Ukraine's international allies now face two even more complex decisions as they seek to moderate a military attack almost entirely by economic means: when to escalate and when to pull back. If releasing pressure on Moscow seems unthinkable amid the current ghastly headlines, there will come a time when it will be the best way to change Russia’s behavior, and the thinking should begin now.
First, on escalation, a significant interruption in Russia’s oil and gas exports has always seemed like a red line neither side would cross, but that was several red lines ago. Oil majors like BP and Shell have now written down their Russian reserves, and oil traders are “self-sanctioning” by avoiding Russian transactions. Bipartisan support is building for a U.S. embargo on Russian oil and even Prime Minister Mario Draghi has suggested that gas-dependent Italy could weather an interruption in Russian imports.
Meanwhile, Vladimir Putin remains very much in his own escalation mode with little apparent concern for his country’s growth prospects. If sanctioning the Russian central bank renders its oil and gas revenues effectively unusable to prop up the domestic economy, why shouldn’t Moscow consider cutting off exports?

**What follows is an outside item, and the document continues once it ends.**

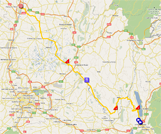 La carte du parcours de la quatrième étape du Critérium du Dauphiné 2011 sur Google Maps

A complete end to the Russian energy trade still looks far-fetched, but the odds of a substantial contraction have sent oil and gas prices spiking. Few politicians can entirely ignore the economic costs of this next move, but few can comfortably defend sending $700 million per day to buy Russian commodities in the wake of its brutal intervention.
Unfortunately, even this dramatic next step won’t likely weaken Putin’s resolve, which means we are in for a period of cruel fighting that shocks the world’s conscience and roils the global recovery. What likely follows looks messy and unstable. A new regime in Kyiv that forswears NATO membership will need Russian troops to protect it from persistent domestic rebellion. At the other extreme, a coup in Moscow that topples Putin will hardly install a Jeffersonian democrat who orders retreat and offers reparations.
Between these extremes, however, the sanctions that failed to avert war can play an important role in shaping the peace. An outcome that somehow keeps the current Ukrainian government in place will require off-ramps for Putin or his successors. Fanciful as this may sound today, a combination of Ukrainian courage and a path back to the global economy will be part of the solution.
"Some will call this appeasement amid the current outrages, but the Cold War containment strategies that secured Eastern Europe’s freedom included a mix of economic carrots and sticks against a backdrop of political resolve and military strength."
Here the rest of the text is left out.